## Task directions
Output each record exactly, excluding pictures.

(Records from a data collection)

————

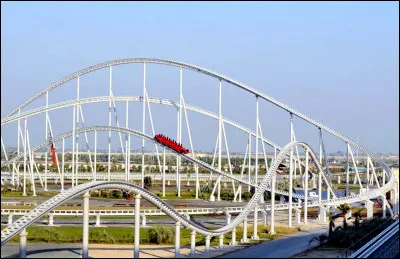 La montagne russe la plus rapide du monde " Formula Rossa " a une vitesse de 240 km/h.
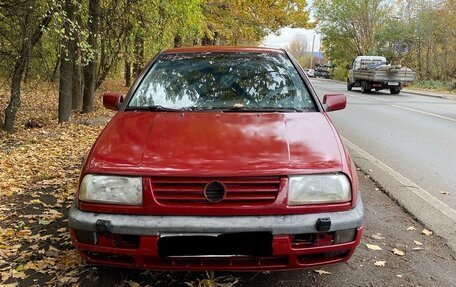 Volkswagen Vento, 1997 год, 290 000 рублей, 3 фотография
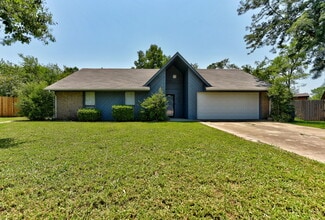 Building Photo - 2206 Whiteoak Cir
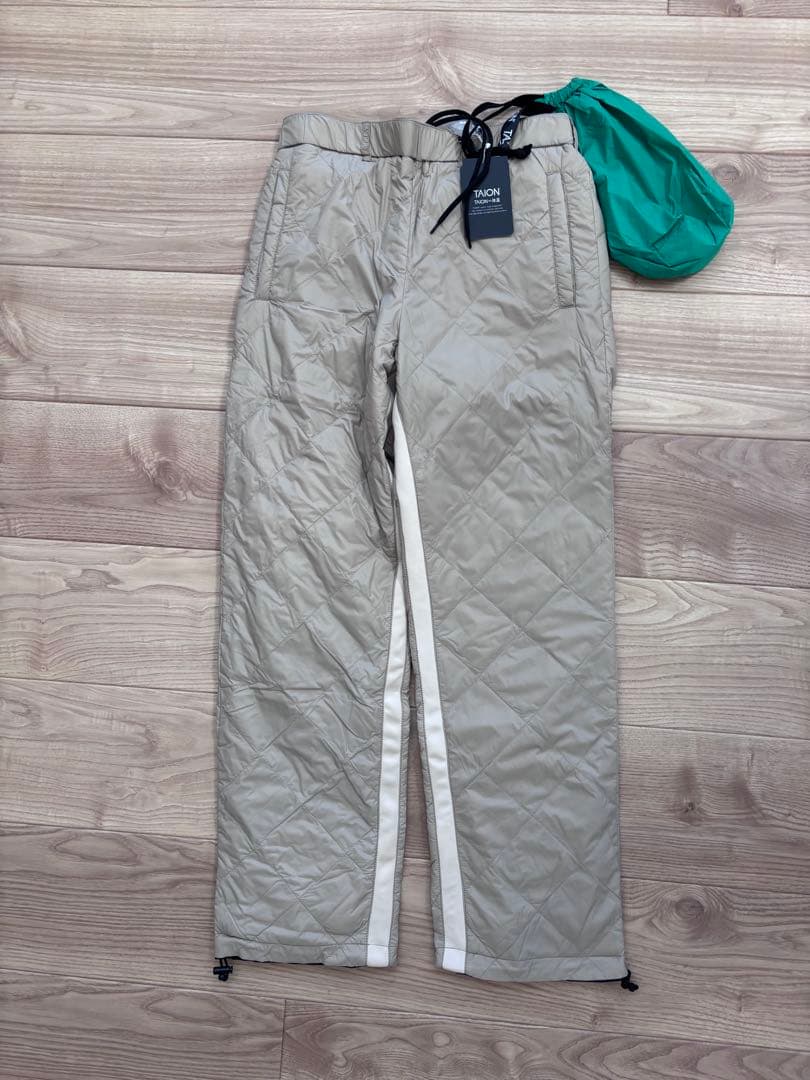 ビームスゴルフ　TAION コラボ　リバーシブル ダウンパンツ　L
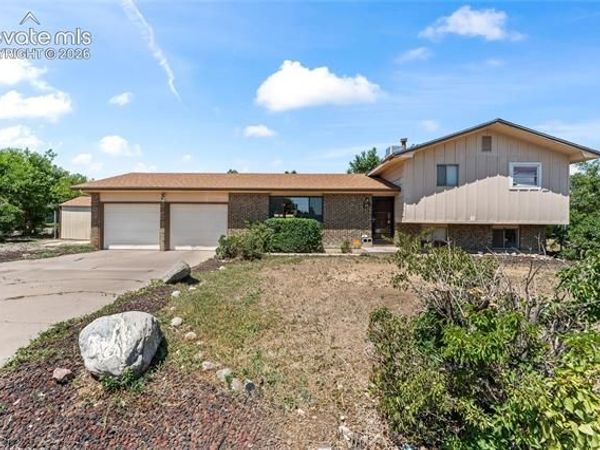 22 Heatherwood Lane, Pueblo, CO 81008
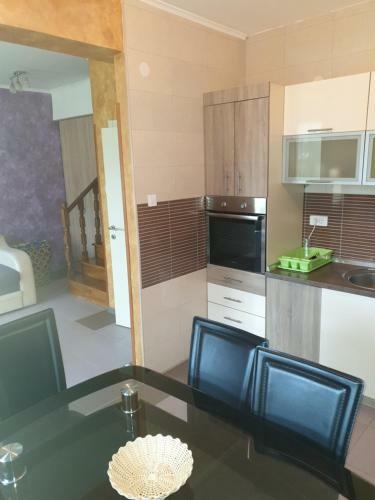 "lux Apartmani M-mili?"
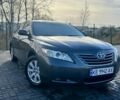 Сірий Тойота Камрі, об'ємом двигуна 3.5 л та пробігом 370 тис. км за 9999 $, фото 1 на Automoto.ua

————

## Solution
 La montagne russe la plus rapide du monde " Formula Rossa " a une vitesse de 240 km/h.
 Volkswagen Vento, 1997 год, 290 000 рублей, 3 фотография
 Building Photo - 2206 Whiteoak Cir
 ビームスゴルフ　TAION コラボ　リバーシブル ダウンパンツ　L
 22 Heatherwood Lane, Pueblo, CO 81008
 "lux Apartmani M-mili?"
 Сірий Тойота Камрі, об'ємом двигуна 3.5 л та пробігом 370 тис. км за 9999 $, фото 1 на Automoto.ua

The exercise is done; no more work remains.